Superior Court of Pennsylvania

September 6, 2017

IN RE: ESTATE OF JOHN BRUMBAUGH APPEAL OF: JUDY MCCLINTOCK

         Appeal from the Order of December 21, 2016 In the Court of Common Pleas of Bedford County Orphans' Court at No(s): 26 for 2016

          BEFORE: BOWES, J., LAZARUS, J., and OTT, J.

          OPINION

          LAZARUS, J.

         Judy McClintock appeals from the order entered in the Court of Common Pleas of Bedford County, Orphans' Court Division, sustaining Appellee Marjorie Brumbaugh's appeal from the Register of Wills. Upon careful review, we affirm.
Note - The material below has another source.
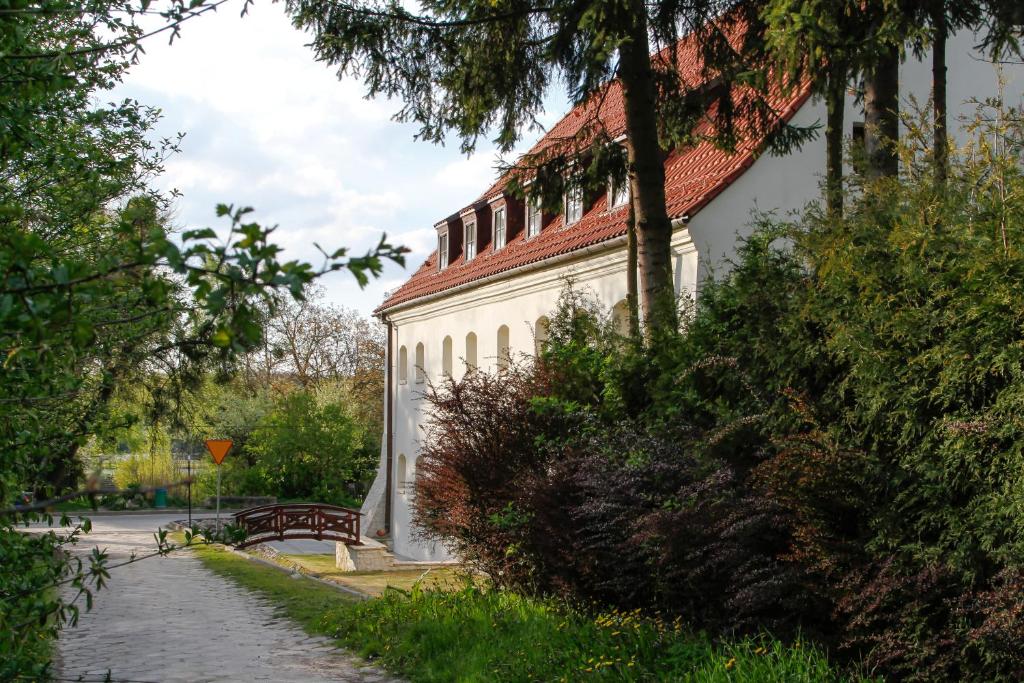 een wit gebouw met een rood dak en een bank bij Spichlerz Bliźniaczy in Kazimierz Dolny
         John Brumbaugh ("Decedent") died on November 7, 2015. At the time of his death, he resided with McClintock, with whom he had been romantically involved for over nine years. Letters of Administration were issued to Decedent's mother, Marjorie Brumbaugh, on November 12, 2015. On January 15, 2016, McClintock filed a petition before the Register of Wills seeking to probate a document dated March 22, 2015 and purporting to be a photocopy of Decedent's last will and testament. McClintock claimed to have found the document in the Decedent's zippered bank pouch, in which he kept his important papers. Brumbaugh opposed the petition, but, on May 4, 2016, the Register issued a decision admitting the document to probate as the Decedent's will and revoking Brumbaugh's Letters of Administration. In her decision, the Register stated as follows:

The document produced by Ms. McClintock and purported to be the decedent's Will was notarized by Dorothy E. Lykins, formerly Dorothy E. Hilton, a notary public in the state of Ohio. She also serves as the Clerk of Courts for the City of Franklin Municipal Court in Franklin, Ohio. Ms. Lykins confirmed the subject Will was signed by the decedent in front of her and the Will sought to be admitted to probate was in fact the one signed by the decedent. She also explained the circumstances involving his execution of the Will and the type of writing instrument he used. No handwriting expert testified before me on [McClintock's] behalf so as to give an opinion contesting the Will or the decedent's signature thereon.
Per the document admitted into evidence, the testimony presented to me at the hearing, including the Affidavit of Ms. Lykins, and my telephone conversation with Ms. Lykins, it appears that such document is the decedent's Last Will and Testament and was intended so to be.

         Decision of the Register of Wills, 5/4/16, at [2].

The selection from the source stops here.